Many chassis MIBs are designed with a particular platform in mind and hence are platform dependent. A MIB that is designed for a particular platform cannot, in general, be used to manage another platform, particularly if the other platform has a different configuration of physical entities. For example, a chassis MIB designed for a router platform (hereinafter referred to as a “router MIB”), which contains slots and ports, may use two separate MIB objects—MIB slot object and MIB port object—to represent the third port in the fifth slot: In this case, the MIB port object has the value of 3 to represent the 3rd port and the MIB slot object has a value of 5 to represent the 5th slot. The drawback of such a design is that the same MIB cannot represent the location of physical entities on different platforms. For example, the router MIB described herein cannot be used to represent a platform with slots and sub-slots or be used to represent the locations of physical entities in a multi-chassis system. Multi-chassis systems, such as high-end router platforms, are composed of multiple chassis or “racks”, each of which contain multiple slots. MIBs that represent entities of particular platforms shall hereinafter be referred to as “platform dependent MIBs”.

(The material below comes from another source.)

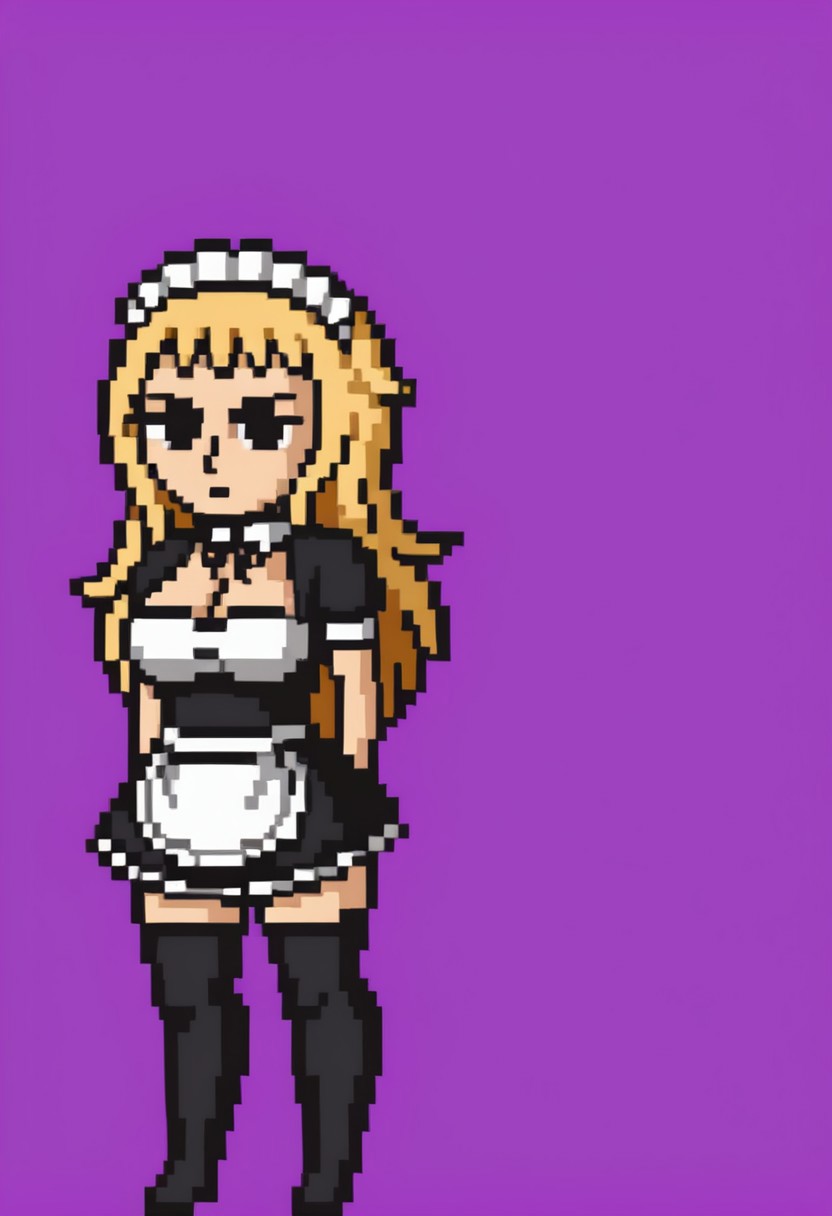 <lora:lisathepointless-v5.4_:1> by lisathepointless, solo, purple background, simple background, 1girl, large breasts, dire, direpony, long hair, gold hair, strawberry blonde hair, cheddar orange hair, black eyes, wide hips, sneer, upset expression, presenting, maid dress, thigh high socks, black socks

The Entity MIB is an IETF standard (RFC 2737) that provides a platform independent way of representing physical entities in devices. The entPhysicalTable of the Entity MIB represents physical entities in the device chassis, and also indicates the containment relationship of the physical entities to the parent entity. For example, a port may be identified by an index value of 101 in the entphysical Table. Furthermore, the value of the associated MIB object entPhysicalContainedIn may indicate that the port is contained in the entry identified by value 100, which represents a slot in the chassis. Thus the various entries in the entPhysicalTable of the Entity MIB describe a hierarchical containment tree, which indicates the relationship between various physical entities in the device chassis.

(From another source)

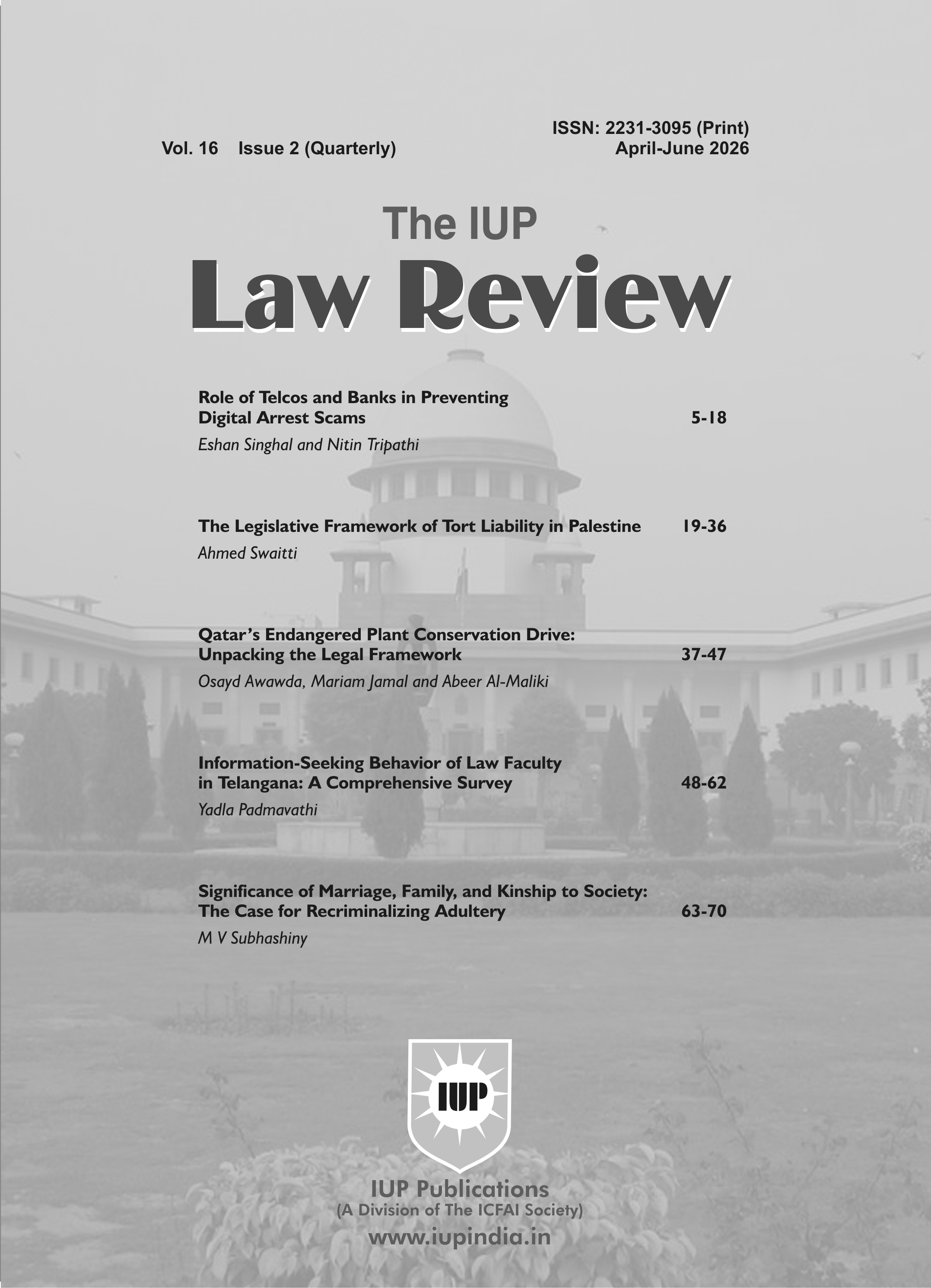 The IUP Journal of Law Review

However, in this approach, a network management software application is required to traverse a tree of objects in the Entity MIB to determine that 101 is the first port in slot 100. Thus, Entity MIBs are complicated and difficult to understand, and the tree traversal requirement can impose a performance impact on an application that is interacting with the Entity MIBs. Typically many queries are required to traverse the containment tree of an Entity MIB, resulting in performance degradation. Furthermore, the Entity MIB is not adequate to describe the location of a logical entity, i.e., not a physical entity, such as a DSP channel or a logical network interface.

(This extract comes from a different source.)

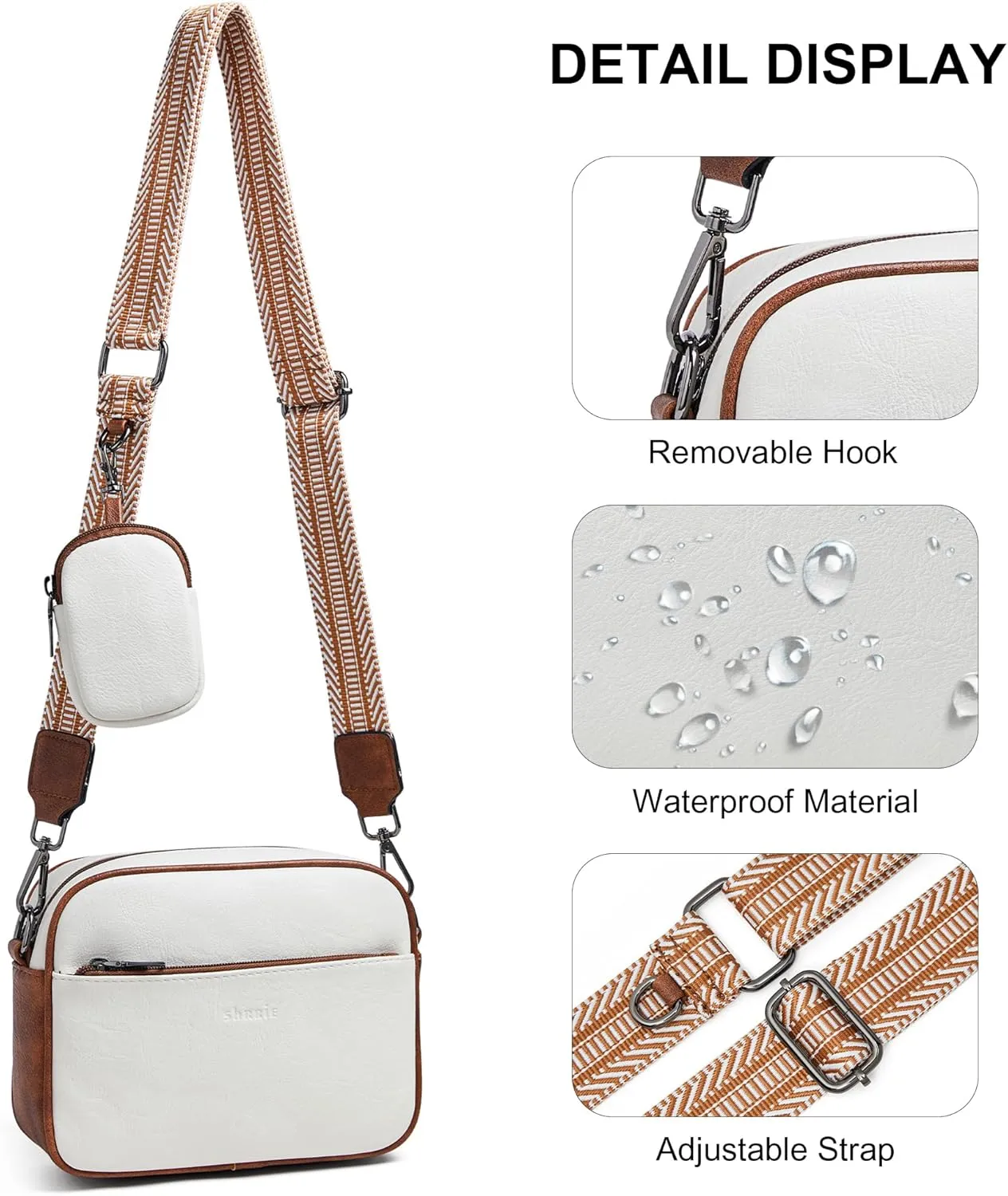Shrrie Quilted Crossbody Bags for Women - Vegan Leather Crossbody Purses Triple Pocket Small Purses for Women Wide Strap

Based on the forgoing, there is a clear need for a mechanism to indicate, in a platform independent manner, the location of both physical and logical managed entities within a managed device. Furthermore, there is a need to manage both physical and logical entities.
The approaches described in this section could be pursued, but are not necessarily approaches that have been previously conceived or pursued. Therefore, unless otherwise indicated herein, the approaches described in this section are not prior art to the claims in this application and are not admitted to be prior art by inclusion in this section.